In this time, they have improved their employee engagement scores by 78%, which has led to a 3% vacancy rate, compared to an industry average vacancy rate of 16%.
Another development that has us excited is the signing of the NFL, as we mentioned in our press release.
The significant impact our solutions can have on a customer's success, profitability and long-term competitiveness, is the reason firms such as IDC expect the market for talent management solutions to grow to the billion dollar plus dollar level by 2008.
We had emerged as an early market leader as a result of A, our domain expertise;
B, the broadest and deepest suite of talent management application;
C, a unique end-to-end combination of software, content, services and process outsourcing; and D, proven execution history across many industries and blue-chip customers.

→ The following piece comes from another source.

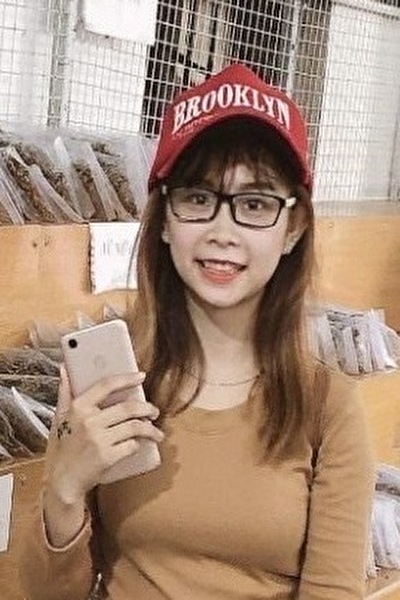 色白で可愛いベトナム女性20代（VO006）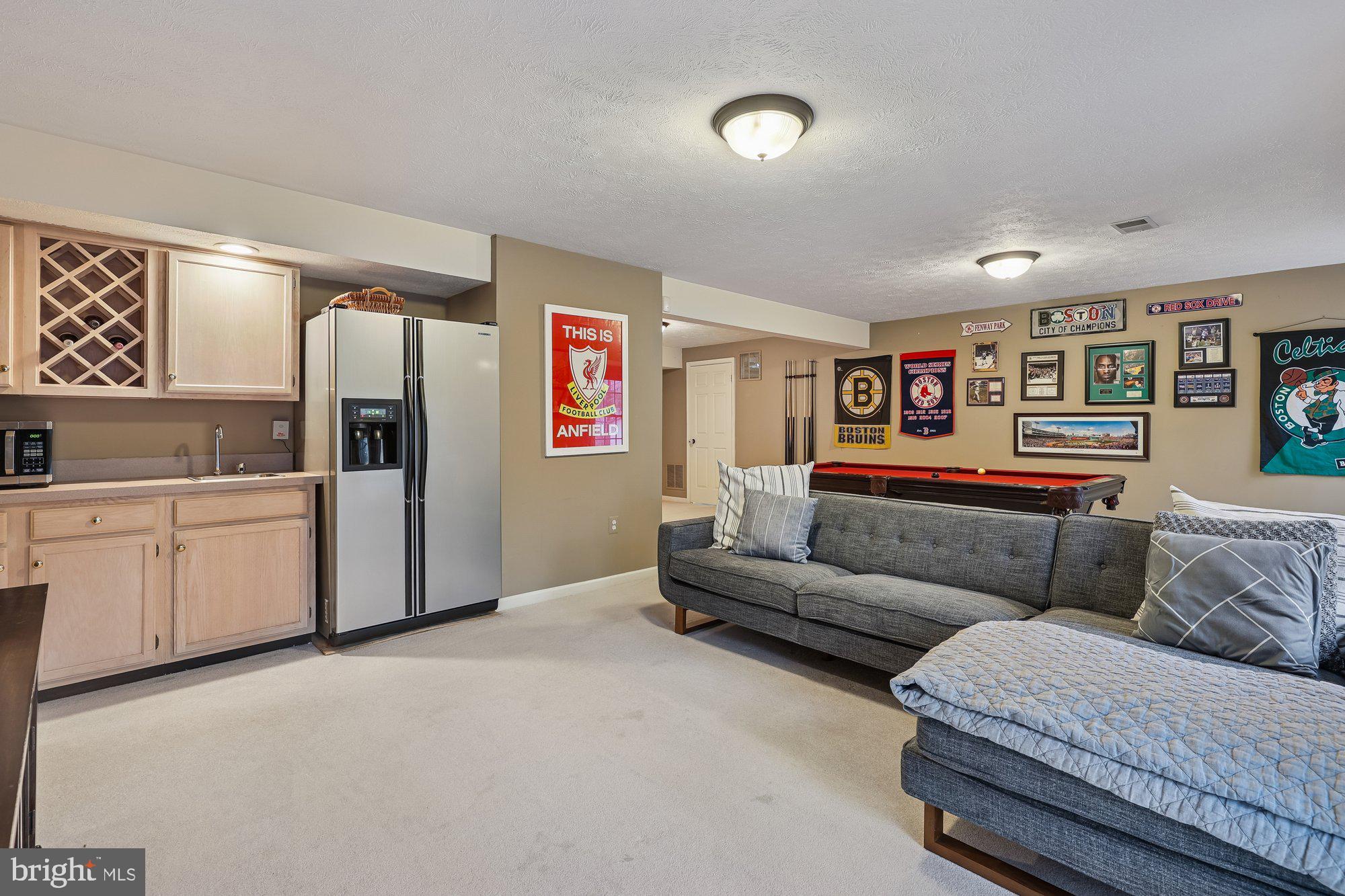 CROSSPOINTE - Residential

The strategic nature of talent management forces customers to look for safe choice, which makes that growing critical mass, and profitability an important competitive advantage.

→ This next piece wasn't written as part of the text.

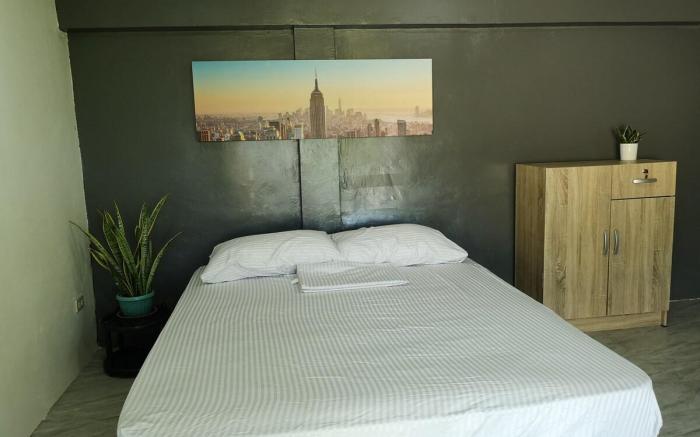 Cliffside Room-1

Indeed, during the second quarter, our business momentum continues to increase across both, major product suites and new and existing customers.
Looking at our solutions on the talent management side, we won new deals with Autodesk, Engenium (ph), Avnet.
On the performance management side, we added GE, Del Monte, Tyco, Campbell Soup and DHL.
The cross-section of verticals that resulted during the quarter included, industrial manufacturing, CPG, software, technology manufacturing, aerospace, home construction, semiconductors, and distribution.
Quarter after quarter, for over 15 years we have improved our knowledge base of recruiting and retention best practices across companies in many industries.
This is a significant competitive advantage that continues to grow over time.
In addition, the diversity of the verticals that we sell to, speaks to the horizontal nature of the problem we are addressing.
We are clearly focused on growing our market share with new customer wins, during the early stage of this large market opportunity.
However, our growing presence within our existing customer base is both proof that our solutions are delivering significant business value, and that we have a tremendous long-term follow-on revenue opportunity.
To that point during the second quarter we sold additional solutions to, and increase that quarterly revenue run-rate by over 35% with both the global technology hardware manufacturer, and one of the world's largest software vendors.
Although it was off, a smaller base we also more than doubled our revenue run-rate with a healthcare provider.
In these 3 cases alone, we increased our recurring annual base of revenue by over $1 million.
In all of these cases and in the vast majority of our customer base, there remains a significant opportunity to continue expanding our account presence.
In summary, we are feeling very good about our market opportunity and business momentum.
Our revenue growth was above 40%, and organically, I might add, for the second consecutive quarter and we posted a record operating margin.
The talent management market is one of the most attractive early stage market opportunities in the software industry, and Kenexa is emerging as one of the clear market leaders.
I will now turn it over to Don Volk to review our second quarter results in more detail.
Don Volk - CFO
Thanks Rudy.
I would reiterate your beginning comment that we are very pleased with the company's performance in the second quarter, which was highlighted by rapid growth and record revenue and profitability.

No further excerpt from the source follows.